**What you need to do:**
In the material below, the required lines run from the one containing "Vue de l'intérieur d'un camping-car" through the one containing "Folksong By W". Copy those lines exactly, ends included, and nothing else.

#####

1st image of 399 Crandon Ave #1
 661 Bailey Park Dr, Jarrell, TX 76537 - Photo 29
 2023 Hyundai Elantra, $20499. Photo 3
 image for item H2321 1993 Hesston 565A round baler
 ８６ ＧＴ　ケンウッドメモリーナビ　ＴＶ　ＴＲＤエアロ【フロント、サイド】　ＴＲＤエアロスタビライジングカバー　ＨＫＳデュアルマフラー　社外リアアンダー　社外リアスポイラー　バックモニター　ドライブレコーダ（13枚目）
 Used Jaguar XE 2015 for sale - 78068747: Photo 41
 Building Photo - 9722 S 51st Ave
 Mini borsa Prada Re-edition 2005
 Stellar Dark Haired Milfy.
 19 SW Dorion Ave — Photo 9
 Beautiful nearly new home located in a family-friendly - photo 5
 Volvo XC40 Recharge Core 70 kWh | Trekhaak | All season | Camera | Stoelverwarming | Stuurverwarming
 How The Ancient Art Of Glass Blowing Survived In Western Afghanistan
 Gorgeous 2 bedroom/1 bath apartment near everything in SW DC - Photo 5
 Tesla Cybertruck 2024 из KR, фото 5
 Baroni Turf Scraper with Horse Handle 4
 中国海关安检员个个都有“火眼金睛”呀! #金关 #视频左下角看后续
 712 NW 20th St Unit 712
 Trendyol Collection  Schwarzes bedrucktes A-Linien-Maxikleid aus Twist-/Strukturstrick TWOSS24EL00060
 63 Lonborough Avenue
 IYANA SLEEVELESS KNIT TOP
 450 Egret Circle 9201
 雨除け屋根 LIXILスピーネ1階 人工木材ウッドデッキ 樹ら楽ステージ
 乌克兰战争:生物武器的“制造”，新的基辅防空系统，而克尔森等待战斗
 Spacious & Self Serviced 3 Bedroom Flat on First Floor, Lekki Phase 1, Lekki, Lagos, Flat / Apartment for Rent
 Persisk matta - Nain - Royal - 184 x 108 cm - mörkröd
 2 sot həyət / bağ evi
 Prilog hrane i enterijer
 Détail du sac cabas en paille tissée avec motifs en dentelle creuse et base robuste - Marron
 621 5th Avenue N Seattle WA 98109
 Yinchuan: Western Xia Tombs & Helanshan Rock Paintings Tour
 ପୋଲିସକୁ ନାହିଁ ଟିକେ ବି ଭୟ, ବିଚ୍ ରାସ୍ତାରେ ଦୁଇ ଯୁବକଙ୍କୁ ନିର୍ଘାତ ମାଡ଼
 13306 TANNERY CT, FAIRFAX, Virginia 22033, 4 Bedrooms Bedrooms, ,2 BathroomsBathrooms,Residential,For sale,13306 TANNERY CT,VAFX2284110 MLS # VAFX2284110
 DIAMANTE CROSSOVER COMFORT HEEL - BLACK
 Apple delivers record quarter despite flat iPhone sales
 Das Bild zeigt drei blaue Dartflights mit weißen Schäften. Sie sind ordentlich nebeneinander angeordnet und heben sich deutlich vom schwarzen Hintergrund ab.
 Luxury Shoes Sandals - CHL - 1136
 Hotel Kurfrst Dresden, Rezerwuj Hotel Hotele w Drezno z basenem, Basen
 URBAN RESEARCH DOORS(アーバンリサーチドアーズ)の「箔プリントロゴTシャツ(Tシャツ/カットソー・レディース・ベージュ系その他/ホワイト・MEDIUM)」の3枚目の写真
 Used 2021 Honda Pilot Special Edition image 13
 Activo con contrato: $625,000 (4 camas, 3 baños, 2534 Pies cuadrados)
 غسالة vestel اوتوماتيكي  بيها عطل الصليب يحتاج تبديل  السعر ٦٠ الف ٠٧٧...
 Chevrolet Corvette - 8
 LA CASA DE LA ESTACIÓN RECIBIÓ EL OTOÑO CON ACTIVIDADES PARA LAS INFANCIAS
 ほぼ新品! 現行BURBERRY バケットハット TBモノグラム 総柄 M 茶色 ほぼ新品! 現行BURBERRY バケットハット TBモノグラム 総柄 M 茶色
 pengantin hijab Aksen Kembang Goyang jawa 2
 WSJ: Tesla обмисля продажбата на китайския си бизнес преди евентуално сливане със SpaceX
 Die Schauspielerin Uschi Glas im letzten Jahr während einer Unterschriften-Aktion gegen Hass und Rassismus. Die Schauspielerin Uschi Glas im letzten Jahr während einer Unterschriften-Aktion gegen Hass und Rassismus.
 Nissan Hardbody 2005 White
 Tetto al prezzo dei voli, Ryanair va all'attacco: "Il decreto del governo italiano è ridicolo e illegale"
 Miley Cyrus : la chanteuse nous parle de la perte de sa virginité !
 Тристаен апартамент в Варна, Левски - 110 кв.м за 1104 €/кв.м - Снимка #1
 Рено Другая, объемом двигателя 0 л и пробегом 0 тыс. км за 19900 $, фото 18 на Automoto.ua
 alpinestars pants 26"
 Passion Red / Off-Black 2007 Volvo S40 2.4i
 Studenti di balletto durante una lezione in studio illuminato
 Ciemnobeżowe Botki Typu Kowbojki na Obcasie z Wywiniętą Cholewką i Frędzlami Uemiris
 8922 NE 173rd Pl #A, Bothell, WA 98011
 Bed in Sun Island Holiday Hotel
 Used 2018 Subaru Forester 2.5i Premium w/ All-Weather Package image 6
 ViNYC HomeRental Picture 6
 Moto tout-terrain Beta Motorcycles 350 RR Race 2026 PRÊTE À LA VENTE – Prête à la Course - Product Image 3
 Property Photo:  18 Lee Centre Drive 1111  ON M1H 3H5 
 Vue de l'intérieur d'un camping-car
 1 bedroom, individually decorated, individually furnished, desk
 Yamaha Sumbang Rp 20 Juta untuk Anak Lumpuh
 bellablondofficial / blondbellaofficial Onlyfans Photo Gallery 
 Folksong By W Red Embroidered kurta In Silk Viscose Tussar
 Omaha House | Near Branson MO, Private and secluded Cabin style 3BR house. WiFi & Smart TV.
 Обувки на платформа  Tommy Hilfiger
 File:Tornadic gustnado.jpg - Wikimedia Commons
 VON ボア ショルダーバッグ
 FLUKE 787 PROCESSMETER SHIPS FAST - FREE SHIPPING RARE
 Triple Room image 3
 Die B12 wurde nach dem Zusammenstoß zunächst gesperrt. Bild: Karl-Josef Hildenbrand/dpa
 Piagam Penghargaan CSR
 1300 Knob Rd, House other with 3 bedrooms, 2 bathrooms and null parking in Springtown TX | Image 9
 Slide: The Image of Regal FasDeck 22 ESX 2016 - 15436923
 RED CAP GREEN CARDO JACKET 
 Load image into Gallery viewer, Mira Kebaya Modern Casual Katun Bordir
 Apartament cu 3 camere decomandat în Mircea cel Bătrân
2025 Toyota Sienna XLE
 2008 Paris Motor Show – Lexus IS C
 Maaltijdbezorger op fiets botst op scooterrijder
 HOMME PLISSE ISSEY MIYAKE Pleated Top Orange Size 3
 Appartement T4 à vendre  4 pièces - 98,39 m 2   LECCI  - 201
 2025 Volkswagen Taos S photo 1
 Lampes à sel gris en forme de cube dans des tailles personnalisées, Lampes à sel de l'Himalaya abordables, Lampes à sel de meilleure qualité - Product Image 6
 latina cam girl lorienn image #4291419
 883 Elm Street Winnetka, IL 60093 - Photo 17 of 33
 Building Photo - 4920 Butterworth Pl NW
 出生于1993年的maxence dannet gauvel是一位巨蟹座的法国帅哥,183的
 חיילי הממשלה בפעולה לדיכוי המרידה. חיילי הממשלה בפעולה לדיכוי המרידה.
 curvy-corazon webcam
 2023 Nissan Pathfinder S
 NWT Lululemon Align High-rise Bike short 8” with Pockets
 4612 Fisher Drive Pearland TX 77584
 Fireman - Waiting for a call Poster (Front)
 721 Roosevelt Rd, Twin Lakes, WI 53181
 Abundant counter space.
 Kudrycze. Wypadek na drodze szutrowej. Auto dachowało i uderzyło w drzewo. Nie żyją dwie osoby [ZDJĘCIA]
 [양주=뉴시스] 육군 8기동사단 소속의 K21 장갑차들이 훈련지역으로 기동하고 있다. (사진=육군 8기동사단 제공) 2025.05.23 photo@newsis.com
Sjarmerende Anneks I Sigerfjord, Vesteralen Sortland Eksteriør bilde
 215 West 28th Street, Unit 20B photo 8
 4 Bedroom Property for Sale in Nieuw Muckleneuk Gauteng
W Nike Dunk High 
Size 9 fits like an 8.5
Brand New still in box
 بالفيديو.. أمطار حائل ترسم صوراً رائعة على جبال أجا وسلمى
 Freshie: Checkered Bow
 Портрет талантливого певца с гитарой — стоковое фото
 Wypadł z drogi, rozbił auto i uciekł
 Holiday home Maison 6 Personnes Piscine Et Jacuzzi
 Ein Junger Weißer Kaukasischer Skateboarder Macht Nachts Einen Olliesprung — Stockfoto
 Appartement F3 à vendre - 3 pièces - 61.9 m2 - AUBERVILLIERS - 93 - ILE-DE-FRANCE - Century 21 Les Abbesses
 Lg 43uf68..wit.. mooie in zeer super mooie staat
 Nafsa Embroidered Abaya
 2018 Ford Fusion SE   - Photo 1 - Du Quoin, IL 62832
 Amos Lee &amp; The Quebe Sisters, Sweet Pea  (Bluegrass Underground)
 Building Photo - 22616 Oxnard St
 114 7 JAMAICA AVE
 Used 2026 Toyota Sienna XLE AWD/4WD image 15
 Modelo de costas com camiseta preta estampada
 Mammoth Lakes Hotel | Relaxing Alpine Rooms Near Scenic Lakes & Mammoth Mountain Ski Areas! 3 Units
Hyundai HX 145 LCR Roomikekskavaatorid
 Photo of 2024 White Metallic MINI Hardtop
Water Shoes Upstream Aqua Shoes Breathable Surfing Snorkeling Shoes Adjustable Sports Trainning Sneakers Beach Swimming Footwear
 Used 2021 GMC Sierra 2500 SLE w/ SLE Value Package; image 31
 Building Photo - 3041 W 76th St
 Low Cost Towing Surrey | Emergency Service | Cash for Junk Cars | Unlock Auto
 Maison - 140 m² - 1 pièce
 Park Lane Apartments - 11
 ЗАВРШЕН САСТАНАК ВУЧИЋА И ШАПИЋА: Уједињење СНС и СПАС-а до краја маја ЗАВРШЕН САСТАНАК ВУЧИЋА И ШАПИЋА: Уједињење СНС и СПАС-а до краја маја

#####

**Answer:**
 Vue de l'intérieur d'un camping-car
 1 bedroom, individually decorated, individually furnished, desk
 Yamaha Sumbang Rp 20 Juta untuk Anak Lumpuh
 bellablondofficial / blondbellaofficial Onlyfans Photo Gallery 
 Folksong By W Red Embroidered kurta In Silk Viscose Tussar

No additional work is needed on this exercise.